Of the more than 5,000 rescue missions carried out by doctors at a mobile intensive care unit in Berlin, 406 cardiac arrest cases were observed by the researchers in this study. According to the results, 72% of the cardiac arrest took place at home and 67% were witnessed by an onlooker.

Information on symptoms before cardiac arrest were collected for 323 of the 406 cases by the researchers. Chest pain lasting from 20 minutes to 10 hours and 30 minutes before the cardiac arrest was the most common warning sign. It occurred in 25% of the arrests witnessed by onlookers.

17% of the witnessed cardiac arrests showed symptoms of breathlessness for 10 minutes while 7% experienced nausea or vomiting for 90 minutes before the arrest. Dizziness or fainting were some of the other common symptoms.

Of the 352 patients whose personal history was availab le, 106 had a history of coronary artery disease that put them at increased risk for cardiac arrest and 16 had already had a cardiac arrest.

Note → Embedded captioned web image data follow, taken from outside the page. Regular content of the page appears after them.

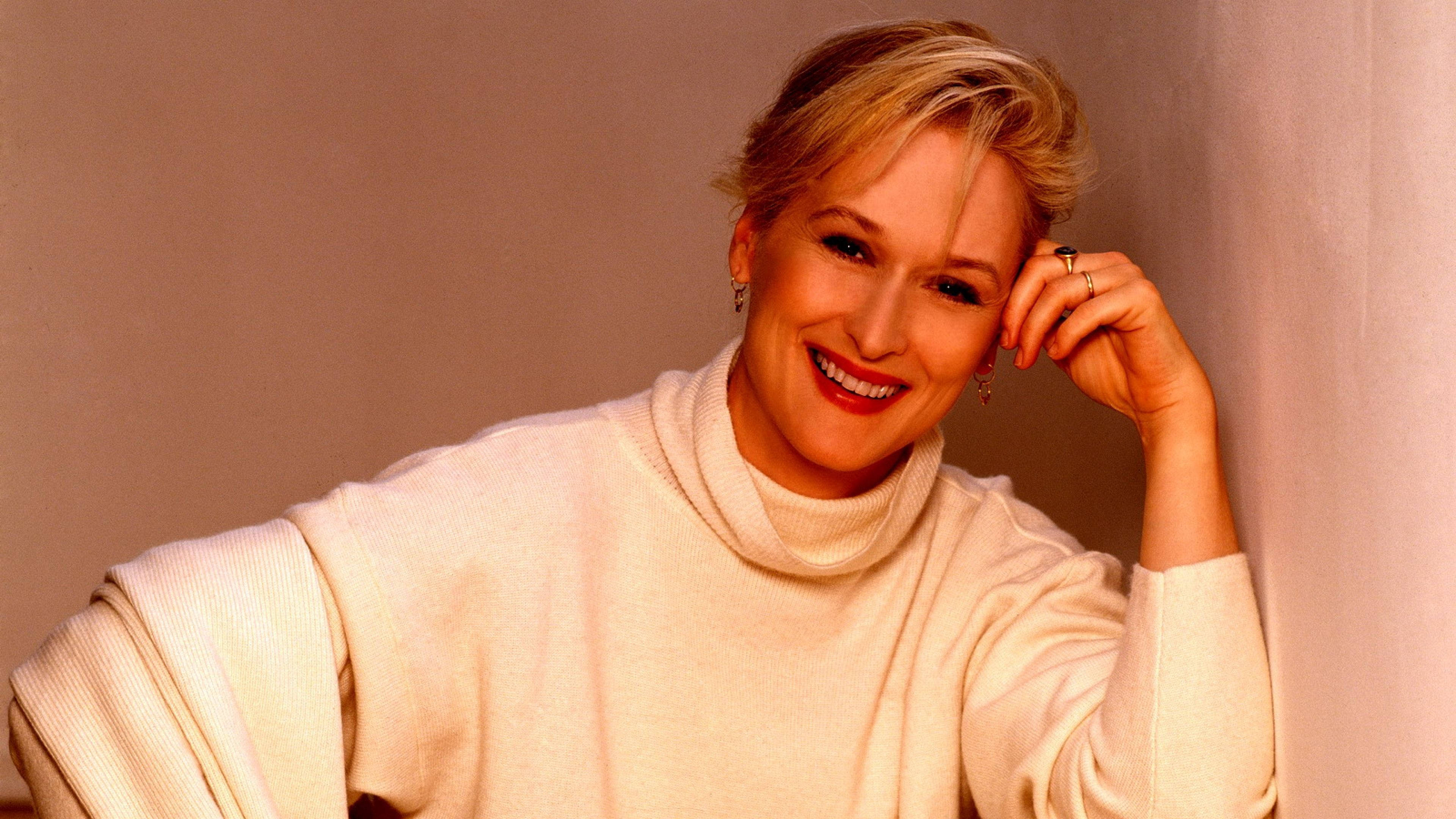 Meryl Streep, corner wall, blonde hair, 4K Desktop Wallpaper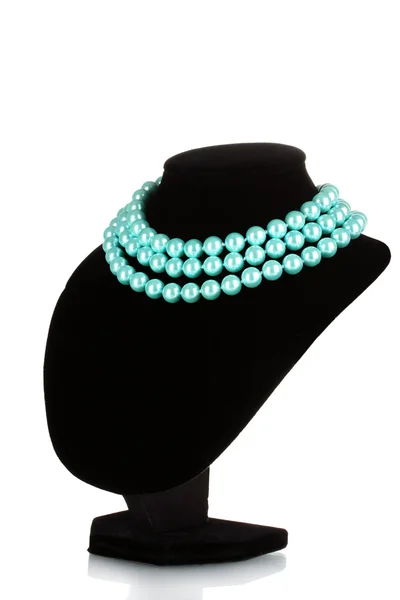 白で隔離されるマネキンに青い真珠の美しいネックレス — ストック写真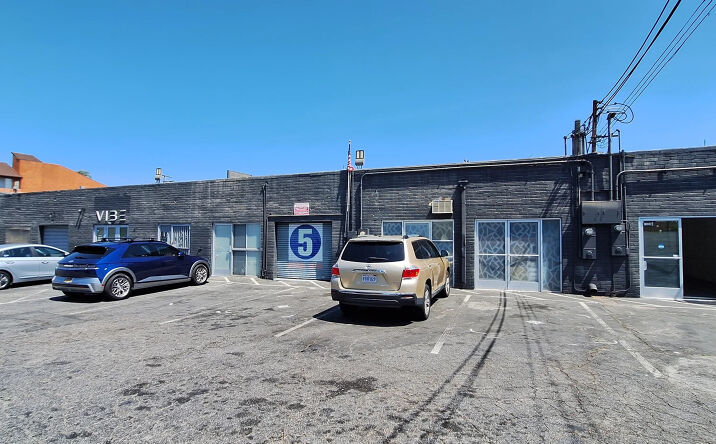 Pictures of Office property located at 2933 S Sepulveda Blvd, Los Angeles, CA 90064 for lease - image #1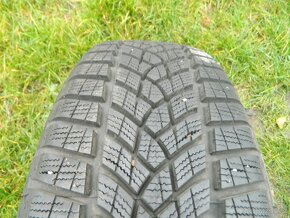 215/65 r16 98h 1ks Good year - 4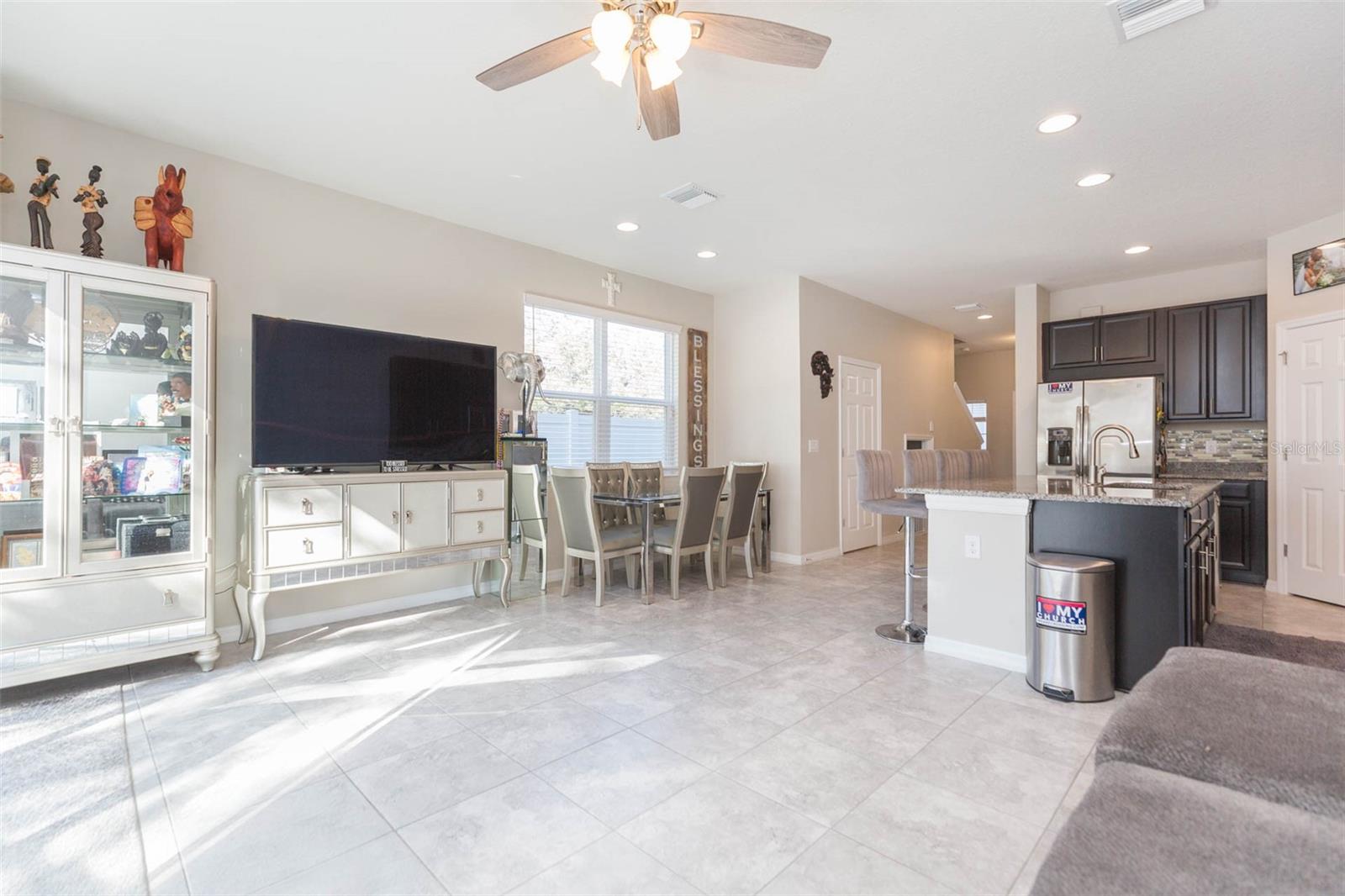 7236 Grand Elm Drive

According to the study, CPR was performed on 57 patients by the onlookers of which 13 survived to hospital discharge. Whereas, only 4 % of the patients who did not receive CPR from the onlooker survived. The study revealed that CPR attempts were higher in public locations (26 %) than at homes (11%).

The results propose that possibility of death from cardiac arrest can be decreased by training family members and caregivers of people with heart disease and at increased risk to recognize symptoms and perform CPR.

“Training and prevention efforts should be focused on how to recognize the emergency, CPR training, and automated external defibrillator (AED) use," says Muller.